*Task goal*:
The material below holds pictures; leave them out and reproduce exactly the lines from the one with "Finca en Bejuma – 8" through the one with "Red bottlebrush flower", inclusive.

───── Source data ─────

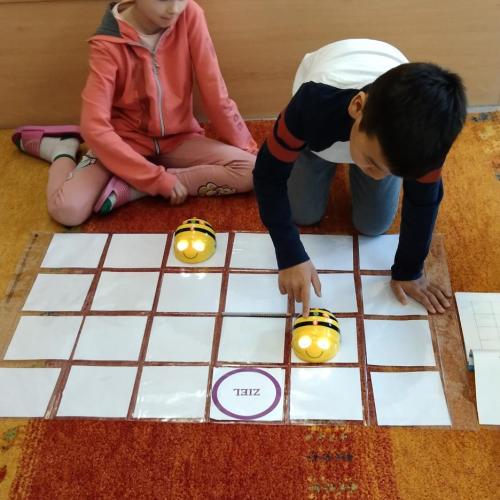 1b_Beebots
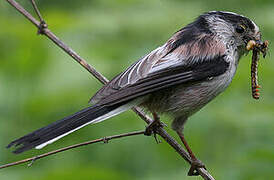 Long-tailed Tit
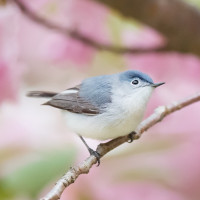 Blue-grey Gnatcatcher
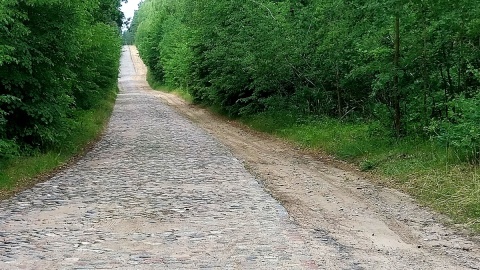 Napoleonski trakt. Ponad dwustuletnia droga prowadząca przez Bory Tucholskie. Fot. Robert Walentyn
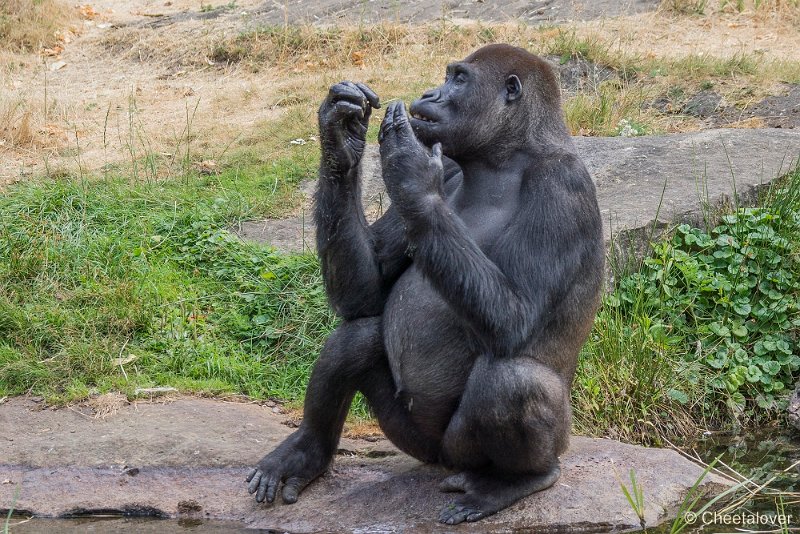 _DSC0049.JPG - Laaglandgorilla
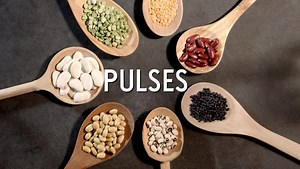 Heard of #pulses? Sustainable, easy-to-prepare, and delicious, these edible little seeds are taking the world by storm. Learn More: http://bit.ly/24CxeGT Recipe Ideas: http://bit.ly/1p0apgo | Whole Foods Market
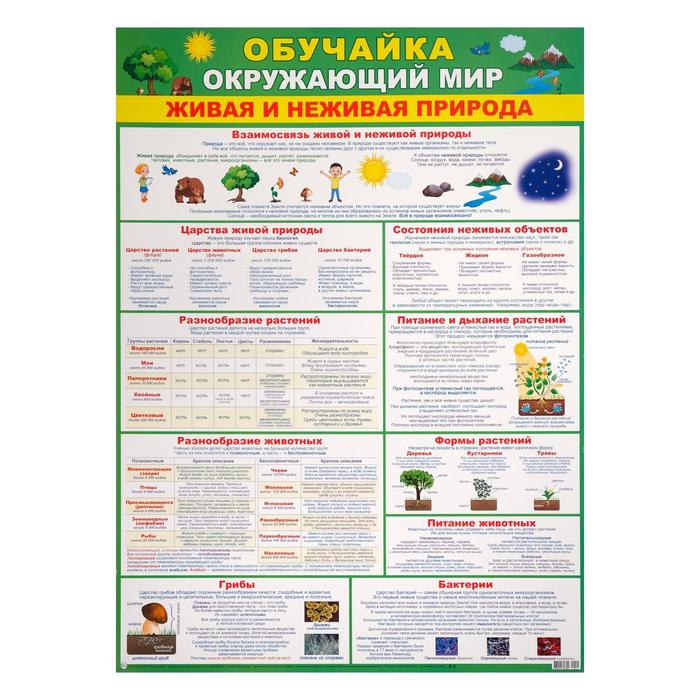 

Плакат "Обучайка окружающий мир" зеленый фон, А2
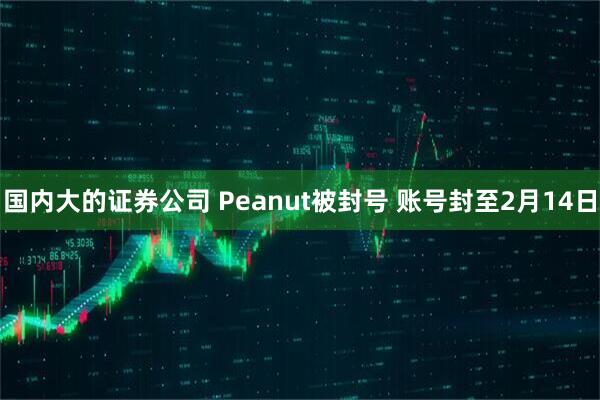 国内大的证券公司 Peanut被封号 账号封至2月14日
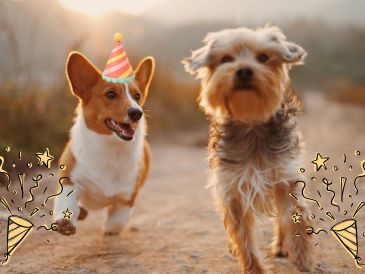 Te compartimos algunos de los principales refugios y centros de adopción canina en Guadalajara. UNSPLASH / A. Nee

─────
───── Source data ─────

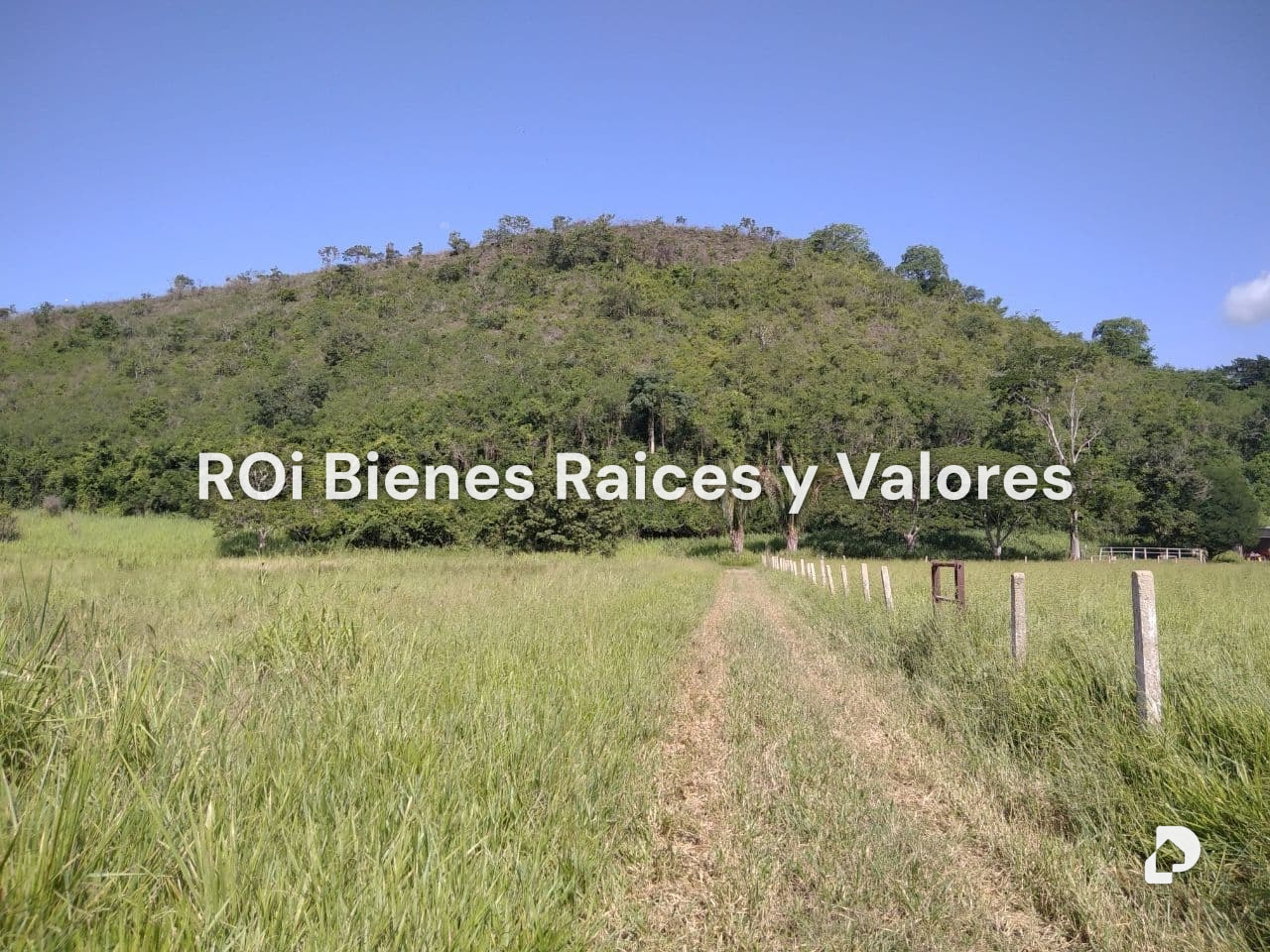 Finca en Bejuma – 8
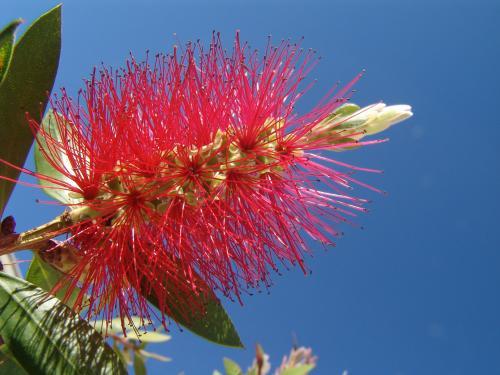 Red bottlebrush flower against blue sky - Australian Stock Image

─────

*Exercise response*:
 Finca en Bejuma – 8
 Red bottlebrush flower against blue sky - Australian Stock Image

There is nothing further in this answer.